━━ Supplied data

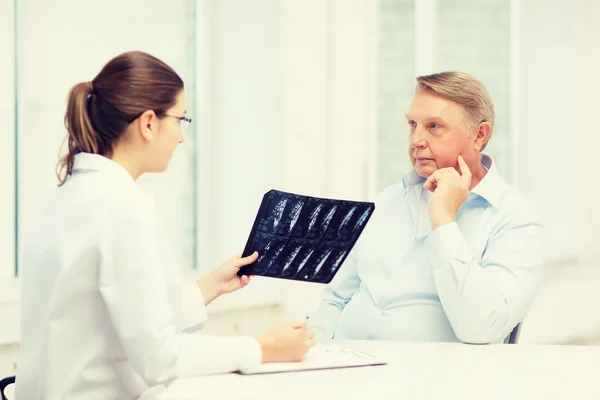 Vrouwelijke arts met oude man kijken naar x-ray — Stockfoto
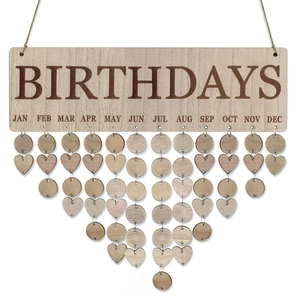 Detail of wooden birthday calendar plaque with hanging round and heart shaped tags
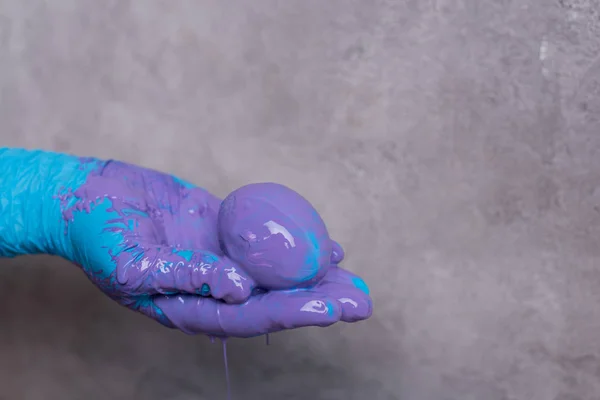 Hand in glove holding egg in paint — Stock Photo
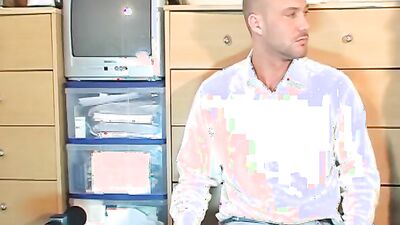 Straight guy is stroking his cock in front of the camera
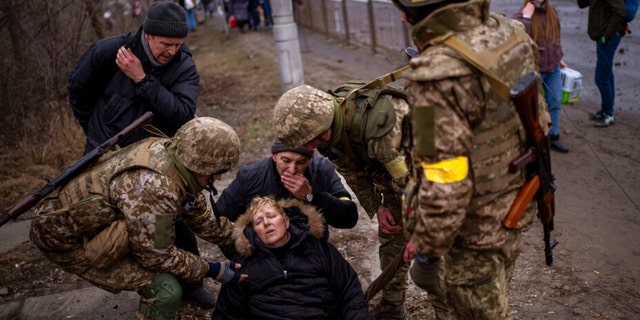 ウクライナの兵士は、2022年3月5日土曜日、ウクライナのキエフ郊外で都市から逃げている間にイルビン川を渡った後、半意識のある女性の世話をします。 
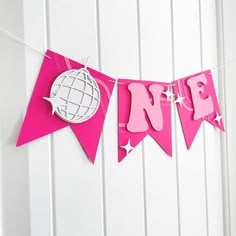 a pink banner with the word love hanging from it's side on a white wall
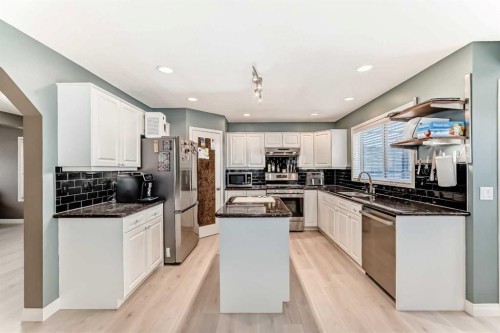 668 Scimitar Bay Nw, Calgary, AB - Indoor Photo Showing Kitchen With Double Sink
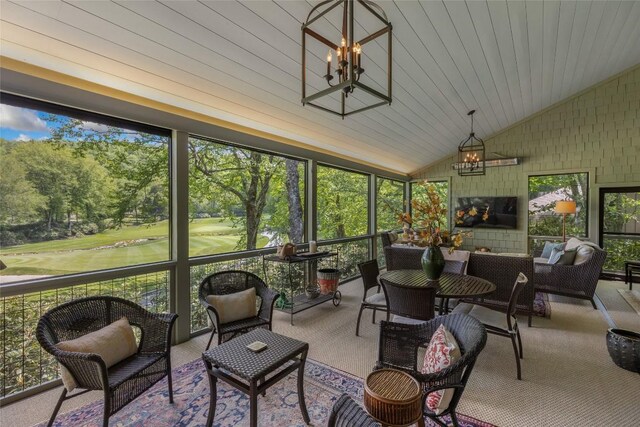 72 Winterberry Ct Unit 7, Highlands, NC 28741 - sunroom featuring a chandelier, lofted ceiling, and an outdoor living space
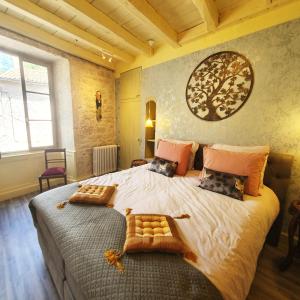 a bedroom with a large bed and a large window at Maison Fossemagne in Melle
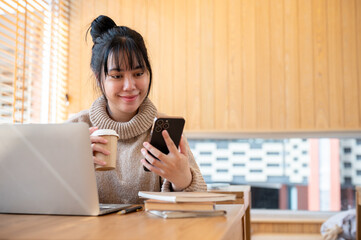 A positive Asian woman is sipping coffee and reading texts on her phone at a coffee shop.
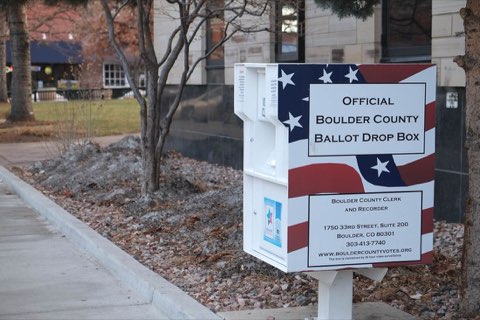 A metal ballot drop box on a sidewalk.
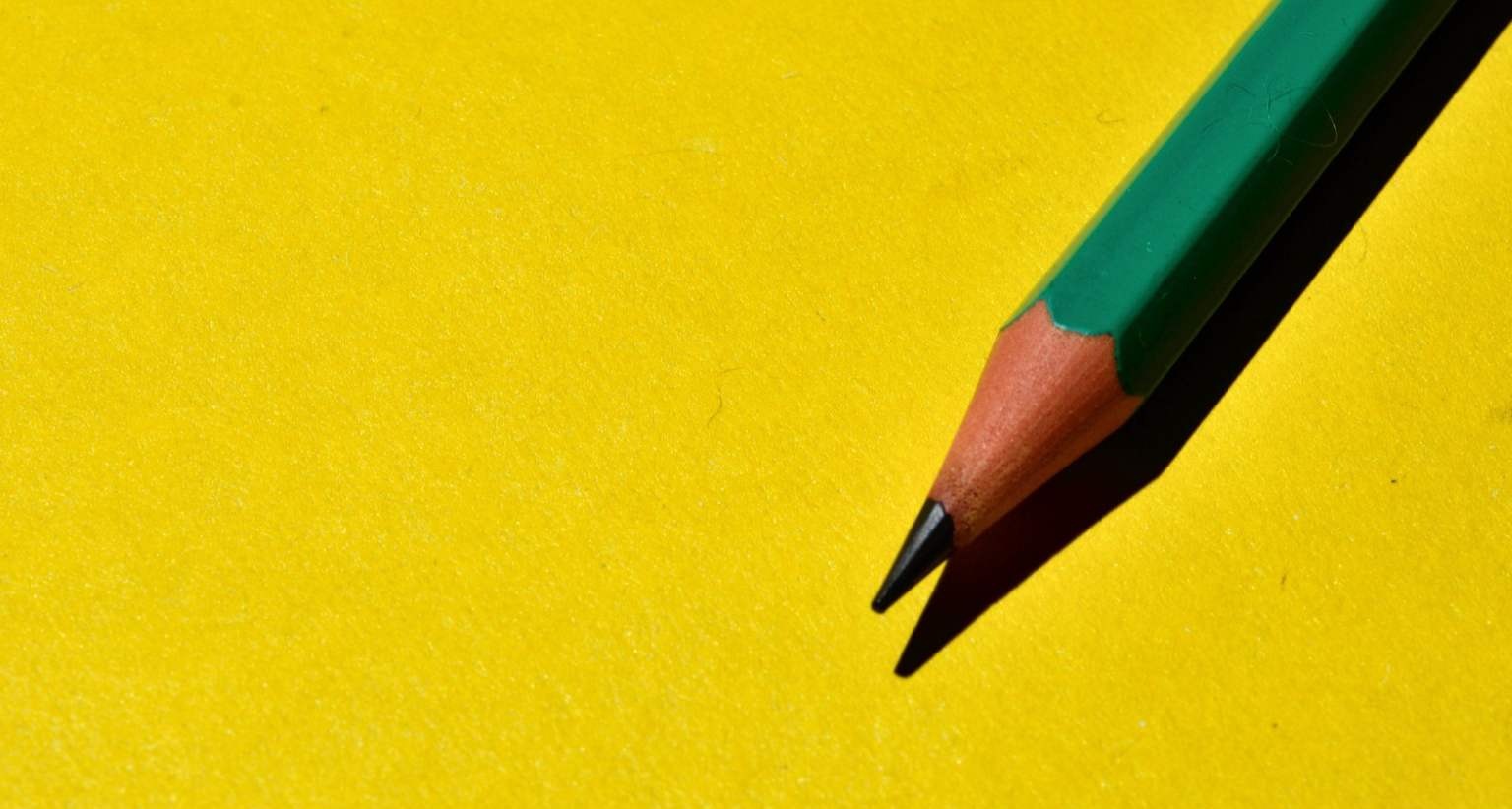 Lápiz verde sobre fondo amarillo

━━━━

Exercise prompt
Your reply should consist solely of the lines above, from the opening line through the line with "ウクライナの兵士は、2022", reproduced exactly and without pictures.

Result for this exercise
 Vrouwelijke arts met oude man kijken naar x-ray — Stockfoto
 Detail of wooden birthday calendar plaque with hanging round and heart shaped tags
 Hand in glove holding egg in paint — Stock Photo
 Straight guy is stroking his cock in front of the camera
 ウクライナの兵士は、2022年3月5日土曜日、ウクライナのキエフ郊外で都市から逃げている間にイルビン川を渡った後、半意識のある女性の世話をします。 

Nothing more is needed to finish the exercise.